Still, the project did not necessarily impact the import food bill, he adds, because of the scale of imports.
Replacing significant volumes of imports with local production will be a difficult task "for the sheer reason that what we are importing we can't produce here," Stanberry said.
This includes wheat flour and grains for the livestock industry.
"We have started an initiative to grow corn here in recent times, but we are limited by land space because to grow enough corn to support our livestock industry might include almost as much land as we now have in sugar cane," he said.
He adds, however, that Jamaica could potentially lop off 30 to 40 per cent of the food import bill by using more locally grown raw materials for snacks and other processed foods.

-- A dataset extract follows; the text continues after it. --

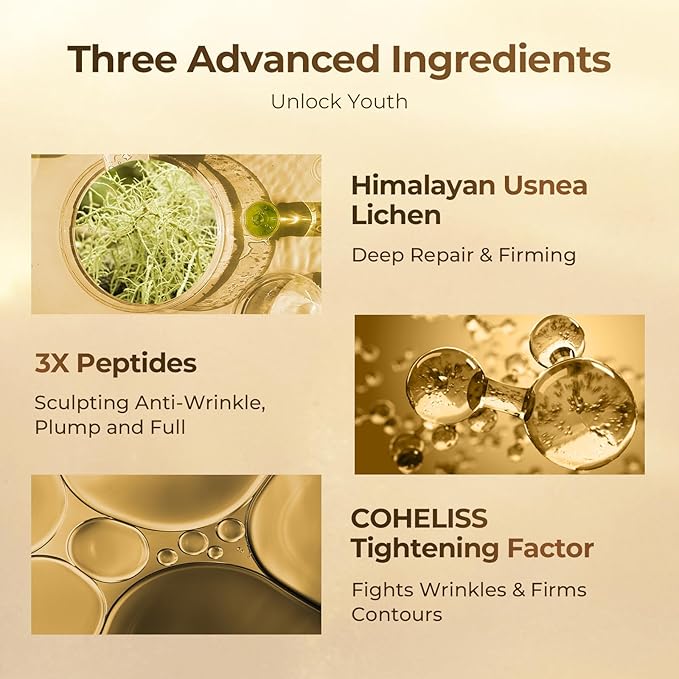 Gold Diamond Multi Anti-aging Cream (55g/1.94oz) - Super Multi-Corrective, Sculpting, Firming, Tightening, Anti-Wrinkle, Moisturizing Night Cream with Tri-peptide, Hyaluronic Acid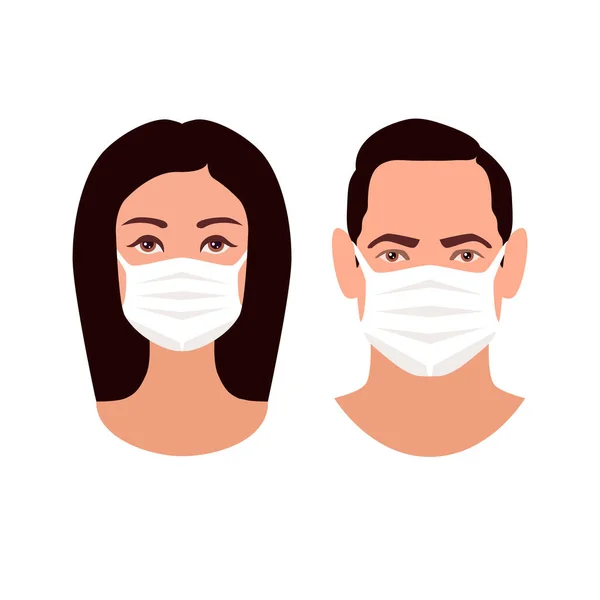 Dos Cabezas Humanas Las Máscaras Medicinales Protección Prevención Para Coronavirus Vectores De Stock Sin Royalties Gratis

Stanberry said a large portion of the overall US$930-million food import bill last year comprised expenditure for agricultural raw materials for further processing, as well as animal feed, flour and rice.
The local agricultural sector has been growing, but that has been driven principally by small farmers, who produce on less than an acre of land.
"The truth is, if we want to make a quantum leap, in as much as we salute the efforts of our small farmers, we have to now go into larger farms, more mid-size farms which have greater scope to adopt technology that can rapidly increase yield," the permanent secretary said.
The ministry is trying to solve that problem by bolstering the infrastructure for sustained agricultural production.
The current agriculture minister, Roger Clarke, is pushing the agro park project.
The parks will each be about 300 to 400 acres in size "with all the requisite infrastructure such as irrigation, packing houses, postharvest facilities and put people on those lands, people who are more commercially oriented and link that production with markets," said Stanberry.
As part of a Jamaica's food security programme, the Government is slated to spend US$8 million over the next three years to install about eight such parks across Jamaica, which Stanberry said "should make a qualitative difference".